From bfb742b41b67405c490c43e7a21cabfa47aea01f Mon Sep 17 00:00:00 2001
From: Paillat <me@paillat.dev>
Date: Mon, 22 Apr 2024 14:01:17 +0200
Subject: [PATCH] :recycle: Settings are now directly in pipelines - remove
 settings engine.

---
 src/chore/GenerationContext.py                |  4 -
 src/engines/LLMEngine/AnthropicLLMEngine.py   |  4 +-
 .../Pipelines/ScriptedVideoPipeline.py        | 89 +++++++++++++++++--
 3 files changed, 84 insertions(+), 13 deletions(-)

diff --git a/src/chore/GenerationContext.py b/src/chore/GenerationContext.py
index 84f798d..ec8cf2f 100644
--- a/src/chore/GenerationContext.py
+++ b/src/chore/GenerationContext.py
@@ -24,7 +24,6 @@ class GenerationContext:
     def __init__(
         self,
         pipeline,
-        settingsengine,
         simplellmengine,
         powerfulllmengine,
         ttsengine,
@@ -75,9 +74,6 @@ class GenerationContext:
         )
         self.stockimageengine.ctx = self
 
-        self.settingsengine: engines.SettingsEngine.SettingsEngine = settingsengine[0]
-        self.settingsengine.ctx = self
-
         self.backgroundengine: engines.BackgroundEngine.BaseBackgroundEngine = (
             backgroundengine[0]
         )
diff --git a/src/engines/LLMEngine/AnthropicLLMEngine.py b/src/engines/LLMEngine/AnthropicLLMEngine.py
index b093e5b..7bae4bf 100644
--- a/src/engines/LLMEngine/AnthropicLLMEngine.py
+++ b/src/engines/LLMEngine/AnthropicLLMEngine.py
@@ -61,9 +61,7 @@ class AnthropicLLMEngine(BaseLLMEngine):
                     returnable = fix_busted_json.repair_json(content)
                     returnable = orjson.loads(returnable)
                     return returnable
-                except ( # noqa wait for library to imlement pep https://peps.python.org/pep-0352/ (Required Superclass for Exceptions
-                    Exception
-                ) as e:
+                except fix_busted_json.JsonFixError as e:
                     tries += 1
             else:
                 return content
diff --git a/src/engines/Pipelines/ScriptedVideoPipeline.py b/src/engines/Pipelines/ScriptedVideoPipeline.py
index 1bf343d..c584dda 100644
--- a/src/engines/Pipelines/ScriptedVideoPipeline.py
+++ b/src/engines/Pipelines/ScriptedVideoPipeline.py
@@ -14,19 +14,23 @@ class ScriptedVideoPipeline(BasePipeline):
     description = (
         "A pipeline that generates a long form video based on a script instruction."
     )
-    num_options = 2
+    num_options = 5
 
     def __init__(self, options: list) -> None:
         self.user_instructions = options[0]
         self.assets_instructions = options[1]
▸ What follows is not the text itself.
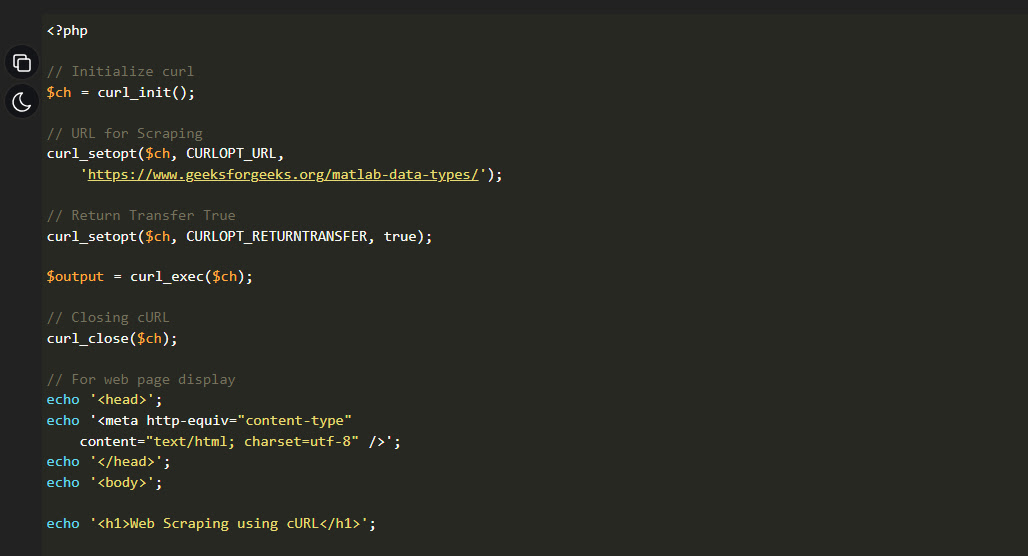 Custom code snippet for URL parsing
+        # ratio = options[2] we don't need this
+        self.width = options[3]
+        self.height = options[4]
         super().__init__()
 
     def launch(self, ctx: GenerationContext) -> None:
 
         ctx.progress(0.1, "Loading settings...")
         ctx.setup_dir()
-        if not isinstance(ctx.settingsengine, engines.NoneEngine):
-            ctx.settingsengine.load()
+        ctx.width = self.width
+        ctx.height = self.height
+
         prompts = get_prompts("long_form", by_file_location=__file__)
         ctx.progress(0.2, "Generating chapters...")
         system = prompts["chapters"]["system"]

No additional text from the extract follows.